Por Rafael Piñeiro López
William Wyler era un maestro. Su Dead End (1937) es el reflejo del New York deprimido y salvaje que nos legaría el martes negro, un parnaso moribundo y, sin embargo, vital del profundísimo East River, justo debajo del puente de Queensboro.
Wyler nos lleva de la mano a la ciudadela de salitre donde las oscuras aguas de la bahía citadina se mueven al compás de algún ritmo inescuchable (o quizás de la vocería de la plebe) gracias a una maravillosa puesta en escena, a personajes poderosos y actuaciones formidables (Bogart en sus típicos papeles iniciales de matón airado). Es una cinta aún moderna, una pieza que se adelantó a su tiempo, como aquellos relieves maravillosos e interminables de las paredes de las construcciones de Persépolis, donde los vasallos de Darío, armenios, etíopes, libios y tracios llevaban tributos al gran soberano durante las celebraciones de año nuevo. Ese es la moña de Wyler, mis amigos.
Dead End no es más que un cautivante pedazo de historia, un reflejo espléndido de su tiempo, una verdadera joya que revela cómo la vida de los hombres si acaso varía levemente. Siempre nos rondarán idénticos problemas, iguales inquietudes. El animal que somos es eterno e inconmovible.

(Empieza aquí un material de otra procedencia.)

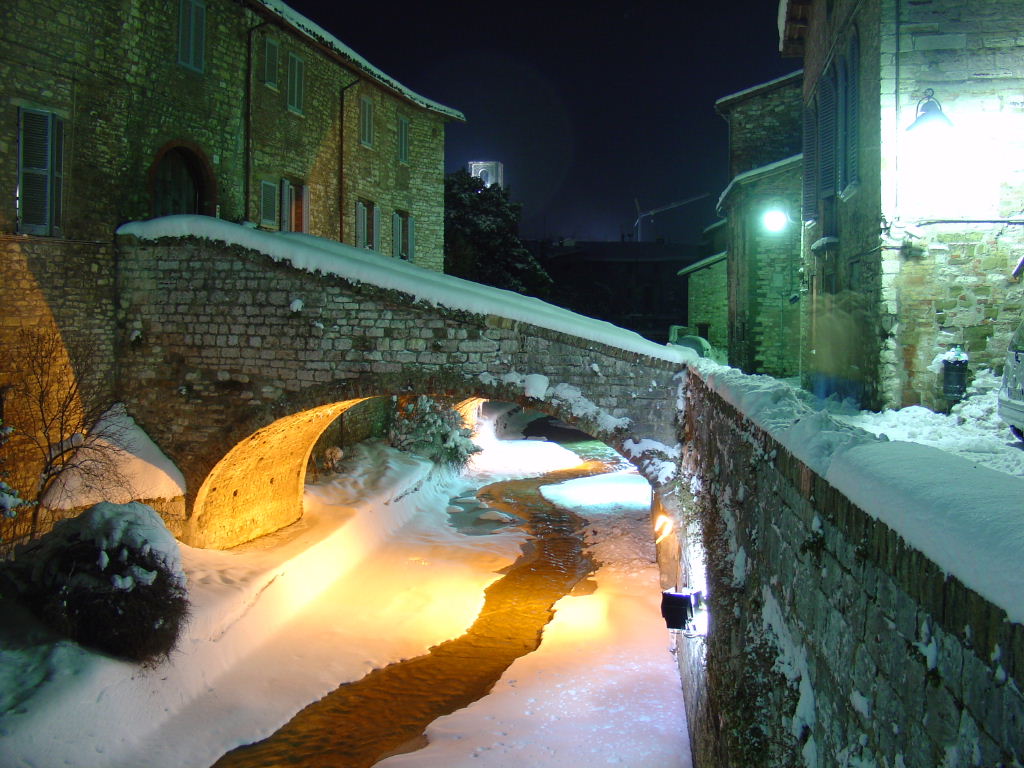 Gubbio by night (sotto la neve) - 4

La pieza es una adaptación de la obra de Broadway de Sidney Kingsley presentada originalmente en 1935. Su debate ético es el de la América de la recesión: esfuerzo contra amoralidad, una máxima libertaria que nacería al amparo de los padres fundadores y que comenzaría a fenecer justo por aquellos años treinta. Tras el largo camino recorrido, si algo nos ha legado la historia es la certeza de que en menos de un siglo cualquier civilización es derrotada.